>>>
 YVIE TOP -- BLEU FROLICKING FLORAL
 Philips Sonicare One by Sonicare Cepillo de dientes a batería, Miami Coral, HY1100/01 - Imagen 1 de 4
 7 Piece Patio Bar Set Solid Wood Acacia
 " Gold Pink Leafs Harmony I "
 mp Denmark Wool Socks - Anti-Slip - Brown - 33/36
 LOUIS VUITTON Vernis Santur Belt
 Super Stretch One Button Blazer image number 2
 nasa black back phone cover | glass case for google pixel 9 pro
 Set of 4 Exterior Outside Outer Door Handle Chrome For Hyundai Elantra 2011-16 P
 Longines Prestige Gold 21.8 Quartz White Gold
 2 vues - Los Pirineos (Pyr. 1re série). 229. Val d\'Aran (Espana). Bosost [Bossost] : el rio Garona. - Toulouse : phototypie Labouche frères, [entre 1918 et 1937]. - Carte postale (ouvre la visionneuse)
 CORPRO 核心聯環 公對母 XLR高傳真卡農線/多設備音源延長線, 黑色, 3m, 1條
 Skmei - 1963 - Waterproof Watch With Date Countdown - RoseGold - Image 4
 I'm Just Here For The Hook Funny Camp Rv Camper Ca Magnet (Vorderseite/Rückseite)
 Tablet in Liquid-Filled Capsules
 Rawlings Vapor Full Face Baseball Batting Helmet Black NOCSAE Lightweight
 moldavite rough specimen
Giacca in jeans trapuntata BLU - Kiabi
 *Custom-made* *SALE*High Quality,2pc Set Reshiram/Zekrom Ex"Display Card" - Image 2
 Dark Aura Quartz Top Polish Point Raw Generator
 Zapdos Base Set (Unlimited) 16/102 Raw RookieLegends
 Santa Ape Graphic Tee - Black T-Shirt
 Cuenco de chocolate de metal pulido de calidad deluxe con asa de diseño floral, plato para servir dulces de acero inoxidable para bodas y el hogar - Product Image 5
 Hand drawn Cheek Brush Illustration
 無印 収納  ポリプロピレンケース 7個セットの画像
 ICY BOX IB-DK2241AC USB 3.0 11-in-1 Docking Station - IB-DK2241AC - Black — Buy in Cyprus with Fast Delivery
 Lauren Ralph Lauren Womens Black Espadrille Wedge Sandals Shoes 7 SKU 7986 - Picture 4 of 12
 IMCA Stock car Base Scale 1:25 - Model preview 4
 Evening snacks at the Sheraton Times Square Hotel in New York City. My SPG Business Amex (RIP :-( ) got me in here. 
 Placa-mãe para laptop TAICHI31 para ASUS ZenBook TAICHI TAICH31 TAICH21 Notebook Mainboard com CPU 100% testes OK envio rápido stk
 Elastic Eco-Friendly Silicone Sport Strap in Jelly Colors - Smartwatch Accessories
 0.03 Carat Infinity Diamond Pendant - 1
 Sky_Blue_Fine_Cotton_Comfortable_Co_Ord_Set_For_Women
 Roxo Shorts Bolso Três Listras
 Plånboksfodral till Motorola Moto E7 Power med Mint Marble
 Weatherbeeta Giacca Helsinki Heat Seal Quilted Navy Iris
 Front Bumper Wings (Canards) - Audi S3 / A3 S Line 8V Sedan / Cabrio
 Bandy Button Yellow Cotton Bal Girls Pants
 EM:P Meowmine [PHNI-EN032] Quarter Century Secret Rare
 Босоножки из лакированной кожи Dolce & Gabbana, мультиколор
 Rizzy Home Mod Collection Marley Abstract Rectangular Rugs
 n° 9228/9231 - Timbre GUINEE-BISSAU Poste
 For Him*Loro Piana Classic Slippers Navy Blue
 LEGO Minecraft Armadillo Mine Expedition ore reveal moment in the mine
<<<
Task brief -
All of the entries above must be quoted exactly.

Solution for this problem -
 YVIE TOP -- BLEU FROLICKING FLORAL
 Philips Sonicare One by Sonicare Cepillo de dientes a batería, Miami Coral, HY1100/01 - Imagen 1 de 4
 7 Piece Patio Bar Set Solid Wood Acacia
 " Gold Pink Leafs Harmony I "
 mp Denmark Wool Socks - Anti-Slip - Brown - 33/36
 LOUIS VUITTON Vernis Santur Belt
 Super Stretch One Button Blazer image number 2
 nasa black back phone cover | glass case for google pixel 9 pro
 Set of 4 Exterior Outside Outer Door Handle Chrome For Hyundai Elantra 2011-16 P
 Longines Prestige Gold 21.8 Quartz White Gold
 2 vues - Los Pirineos (Pyr. 1re série). 229. Val d\'Aran (Espana). Bosost [Bossost] : el rio Garona. - Toulouse : phototypie Labouche frères, [entre 1918 et 1937]. - Carte postale (ouvre la visionneuse)
 CORPRO 核心聯環 公對母 XLR高傳真卡農線/多設備音源延長線, 黑色, 3m, 1條
 Skmei - 1963 - Waterproof Watch With Date Countdown - RoseGold - Image 4
 I'm Just Here For The Hook Funny Camp Rv Camper Ca Magnet (Vorderseite/Rückseite)
 Tablet in Liquid-Filled Capsules
 Rawlings Vapor Full Face Baseball Batting Helmet Black NOCSAE Lightweight
 moldavite rough specimen
Giacca in jeans trapuntata BLU - Kiabi
 *Custom-made* *SALE*High Quality,2pc Set Reshiram/Zekrom Ex"Display Card" - Image 2
 Dark Aura Quartz Top Polish Point Raw Generator
 Zapdos Base Set (Unlimited) 16/102 Raw RookieLegends
 Santa Ape Graphic Tee - Black T-Shirt
 Cuenco de chocolate de metal pulido de calidad deluxe con asa de diseño floral, plato para servir dulces de acero inoxidable para bodas y el hogar - Product Image 5
 Hand drawn Cheek Brush Illustration
 無印 収納  ポリプロピレンケース 7個セットの画像
 ICY BOX IB-DK2241AC USB 3.0 11-in-1 Docking Station - IB-DK2241AC - Black — Buy in Cyprus with Fast Delivery
 Lauren Ralph Lauren Womens Black Espadrille Wedge Sandals Shoes 7 SKU 7986 - Picture 4 of 12
 IMCA Stock car Base Scale 1:25 - Model preview 4
 Evening snacks at the Sheraton Times Square Hotel in New York City. My SPG Business Amex (RIP :-( ) got me in here. 
 Placa-mãe para laptop TAICHI31 para ASUS ZenBook TAICHI TAICH31 TAICH21 Notebook Mainboard com CPU 100% testes OK envio rápido stk
 Elastic Eco-Friendly Silicone Sport Strap in Jelly Colors - Smartwatch Accessories
 0.03 Carat Infinity Diamond Pendant - 1
 Sky_Blue_Fine_Cotton_Comfortable_Co_Ord_Set_For_Women
 Roxo Shorts Bolso Três Listras
 Plånboksfodral till Motorola Moto E7 Power med Mint Marble
 Weatherbeeta Giacca Helsinki Heat Seal Quilted Navy Iris
 Front Bumper Wings (Canards) - Audi S3 / A3 S Line 8V Sedan / Cabrio
 Bandy Button Yellow Cotton Bal Girls Pants
 EM:P Meowmine [PHNI-EN032] Quarter Century Secret Rare
 Босоножки из лакированной кожи Dolce & Gabbana, мультиколор
 Rizzy Home Mod Collection Marley Abstract Rectangular Rugs
 n° 9228/9231 - Timbre GUINEE-BISSAU Poste
 For Him*Loro Piana Classic Slippers Navy Blue
 LEGO Minecraft Armadillo Mine Expedition ore reveal moment in the mine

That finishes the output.